Retries & delivery log
The gateway retries failed deliveries on a fixed exponential-ish schedule. After the seventh attempt the delivery is marked permanently failed and must be requeued manually if you still want it.
What counts as success / failure
| Outcome from your endpoint | Treated as |
|---|---|
HTTP 2xx within 10 seconds | Success |
HTTP non-2xx (any 3xx / 4xx / 5xx) | Failure |
| Request times out at 10 seconds | Failure |
| TLS handshake error, DNS failure, connection refused | Failure |
The transport-level timeout is hard-coded at 10 seconds. Plan your receiver to acknowledge fast — persist the event to your own queue and process asynchronously, then return 200.
Backoff schedule
Every failure schedules the next attempt at a fixed delay from the previous one:
| Attempt | Delay since previous | Cumulative time after first attempt |
|---|---|---|
| 1 | — (initial delivery) | 0 |
| 2 | + 1 minute | 1 m |
| 3 | + 5 minutes | 6 m |
| 4 | + 30 minutes | 36 m |
| 5 | + 2 hours | 2 h 36 m |
| 6 | + 12 hours | 14 h 36 m |
| 7 | + 24 hours | 38 h 36 m |
After attempt 7 fails, the delivery moves to status='failed' (dead). The gateway does not auto-revive it — you'd need to either ship a fix to your receiver and manually requeue, or accept the loss.
Why this schedule
The pattern is "fast then slow" on purpose:
- The first three retries (within 6 minutes) catch transient network blips and deploys.

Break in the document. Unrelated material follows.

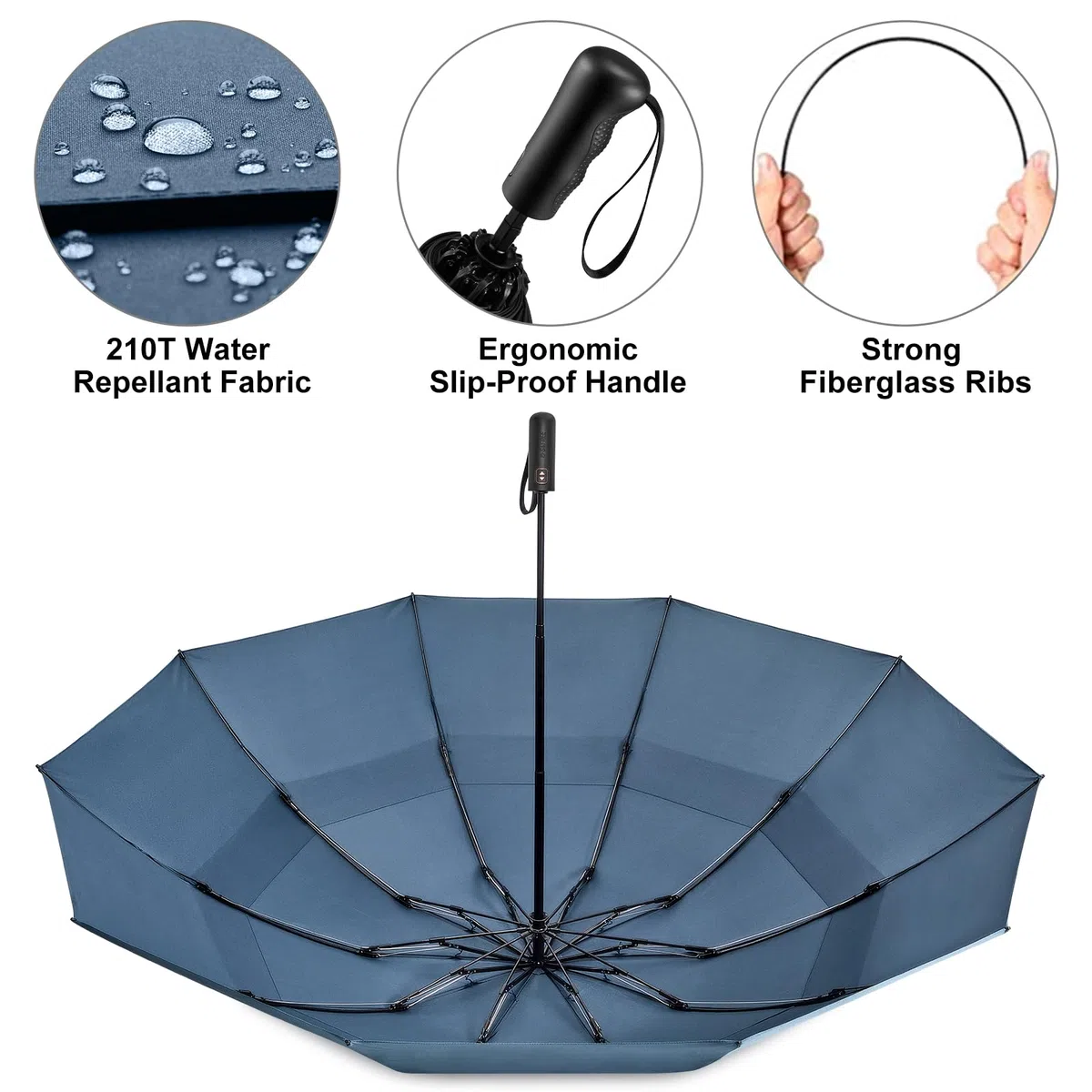 G4Free - Paraguas de golf grande de 107/117/137/157 cm, paraguas de viaje compacto e invertido, 10 varillas, resistente al viento, para lluvia, tela doble, apertura y cierre automáticos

- The mid-range delays (30 m, 2 h) handle longer outages or partial deploys.
- The long tail (12 h, 24 h) gives someone on-call enough time to actually notice and fix a receiver before the delivery is lost forever.
Dedupe by envelope id
Every retry of the same delivery uses the same envelope id (the delivery record's id) and the same X-CPG-Delivery header value. The body bytes are byte-for-byte identical across retries — only the X-CPG-Timestamp and signature change (since the signature includes the timestamp).
Your receiver should treat id as a primary key: process each id once, return 2xx immediately on duplicates. Otherwise you risk double-crediting users when a retry arrives after you've already processed the original.
Delivery log UI
Your dashboard's Webhook deliveries page shows every attempt in real time:
- Pending / Delivering / Delivered / Failed (dead) — current status. A row waiting for a retry shows as Pending (with a non-zero attempt count and a future retry time); there is no distinct "retrying" status.
- Event type and timestamp — what fired and when.
- Most recent response — the HTTP status code of the last attempt (e.g.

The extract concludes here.